Just a short post today. I have so many deadlines over the next few weeks that I’ve hardly been away from my keyboard. So when I give myself a break from all the essay writing, doing even more writing doesn’t fill me with much joy!
The last few episodes I’ve really found myself wondering: why do all of Shin Sekai Yori’s viewers side with Saki, Satoru, and the other villagers? I mean, from what we saw, the queerats weren’t treated well at all! They were pretty much the villages’ slaves, forced into hard labour and carrying out various other jobs by their fear of being eliminated by the cantus-users. It doesn’t seem unreasonable for them to want liberation at all- and I’m sure the crazy PETA people will agree with me!! Up until this episode I was sure that we only side with the oppressors because they’ve spent the most time on our screens, and we identify with them as humans. If it were the other way ‘round, i.e. the humans making a bid for freedom by taking out the queerats, I’m pretty sure we’d be behind them 100%… But now it’s not just a question of fighting for liberation, this is conquest, and they’re bringing helpless babies and children into it, I almost have no choice but to think the queerats despicable!!! I don’t know if you men out there feel the same, or if the show is just trying to appeal to my nurturing, maternal instincts…

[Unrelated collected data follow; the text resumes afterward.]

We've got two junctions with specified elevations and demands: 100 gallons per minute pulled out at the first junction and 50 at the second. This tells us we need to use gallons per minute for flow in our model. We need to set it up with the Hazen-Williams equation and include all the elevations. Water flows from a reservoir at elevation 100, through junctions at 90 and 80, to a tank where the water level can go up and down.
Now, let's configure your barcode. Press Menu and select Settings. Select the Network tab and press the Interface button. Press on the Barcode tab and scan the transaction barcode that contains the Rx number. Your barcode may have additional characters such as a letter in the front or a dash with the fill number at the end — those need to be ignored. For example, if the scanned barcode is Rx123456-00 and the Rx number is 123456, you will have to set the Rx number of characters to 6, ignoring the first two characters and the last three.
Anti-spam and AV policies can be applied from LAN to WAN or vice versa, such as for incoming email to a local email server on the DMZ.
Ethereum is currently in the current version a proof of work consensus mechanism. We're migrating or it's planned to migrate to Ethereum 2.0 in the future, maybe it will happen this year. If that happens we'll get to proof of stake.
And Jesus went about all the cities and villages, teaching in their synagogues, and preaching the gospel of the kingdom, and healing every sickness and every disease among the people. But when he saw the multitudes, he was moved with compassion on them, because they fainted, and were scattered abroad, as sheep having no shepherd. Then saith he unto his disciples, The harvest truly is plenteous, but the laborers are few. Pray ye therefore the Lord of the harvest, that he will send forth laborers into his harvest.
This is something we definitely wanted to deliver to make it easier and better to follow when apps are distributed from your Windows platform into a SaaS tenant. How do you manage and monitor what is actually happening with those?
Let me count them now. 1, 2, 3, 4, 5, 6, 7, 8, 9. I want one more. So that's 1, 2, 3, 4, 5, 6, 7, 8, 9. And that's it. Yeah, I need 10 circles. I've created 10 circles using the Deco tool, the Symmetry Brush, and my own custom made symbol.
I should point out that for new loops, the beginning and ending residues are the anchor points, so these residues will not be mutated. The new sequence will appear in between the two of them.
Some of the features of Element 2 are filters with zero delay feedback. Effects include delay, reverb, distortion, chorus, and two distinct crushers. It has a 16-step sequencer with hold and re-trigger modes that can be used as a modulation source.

Something I’ve always liked about SSY is that, even though it’s a science fiction show, set in the future, with mutants, and psychic powers, a lot of it isn’t that far removed from our world. For example, I was just sitting through a lecture on mental illnesses last Friday when my lecturer began to talk about how many young American soldiers developed post-traumatic stress disorder after fighting in Vietnam. According to her, they had been conditioned by the US Army to kill, so pulling the trigger on an enemy soldier was no problem. But once the war was over, and they had to begin adjusting to normal life back home, many of the soldiers began to unravel. Post-traumatic stress disorder was fairly common amongst this group, and many sufferers turned to crime, or even committed suicide as a result of it. This kind of reminded me of death feedback. Whilst the American soldiers didn’t immediately die after killing a Vietnamese soldier, as a character in SSY might after killing someone else, there was a high chance of their lives slowly unravelling as a result of the trauma associated with the action. But anyway, what reminded me of a real life concept in this episode was the fact that Squealer had been able to raise his own fiend. In real life, if a child is not raised within society and socialised (almost a process of indoctrination, where we’re taught to adhere to all of society’s norms and values) by its carers or school, chances are, they’ll turn into a sweet little psychopath (take that with a pinch of salt). At the extreme they’ll become a feral child, more animal than human, as a result of severe neglect. All this supports the nurture side of the nature-nurture debate, in other words, how we turn out isn’t decided biologically, but by how we’re raised. It was pretty cool to see SSY allude to this psychological debate, having Squealer- the SOB- separate Maria and Mamoru’s child from other humans, preventing him from developing human reasoning, having morals taught to him, or the psychic barriers that would have kept his powers in check put in place… Yeah, that’s the kind of stuff that interests me!
Wonder what kind of mind-fuckery we’ll be treated to next episode?